Analyzed clinical data included patients’ age, lung allocation score (LAS; used to prioritize waiting list candidates by estimating the severity of illness and chance of post-transplant survival), Status 1A designation for heart‒lung transplant (which refers to patients with the highest priority based on medical urgency), and mean pulmonary artery pressure (mPAP).

Results showed a total of 28 deaths, 19 in the group undergoing lung transplants and nine in children having a combined heart-lung transplant. Five-year survival rates were 61% for lung and 48% for combined heart-lung transplants, although this difference was not statistically significant. In addition, overall survival in the two groups was not different from that of children undergoing the same procedures for other indications.

Researchers also observed that older age at the time of the transplant correlated with a lower risk of death. In contrast, LAS in patients older than 12 years, Status 1A in patients undergoing combined transplant, and mPAP before the procedure did not significantly influence survival.

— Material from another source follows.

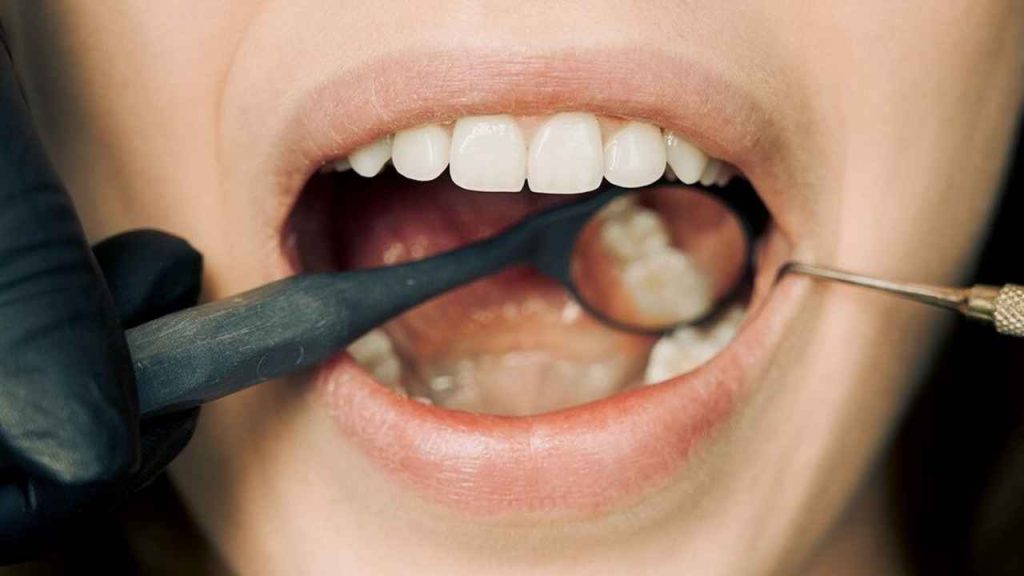 penyebab gigi keropos di usia muda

Fifty-four additional children were listed for but did not receive a transplant; of these, 22 (40.7%) died, 14 experienced clinical improvement and no longer required a transplant, three refused to have the procedure, and four were too sick.

These non-transplanted patients had lower mPAP (63 mmHg vs. 77 mmHg), and had Status 1A less frequently (4% vs. 20%) than children who went through with the procedure.

These results confirmed data from The International Society for Heart and Lung Transplantation Registry, showing that “post-transplant outcomes for IPH appear to be similar to children transplanted for other indications,” the researchers wrote.

“In conclusion, the very small number of children transplanted for a primary indication of IPH (65 over a 10-year period) suggests that transplant may be an underutilized treatment modality in this population, and should strongly be considered for appropriate pediatric candidates, especially older children,” they said.

Results also suggest that measures of disease severity, such as mPAP and LAS, “may not accurately reflect chances of long-term survival in this patient population,” according to the team.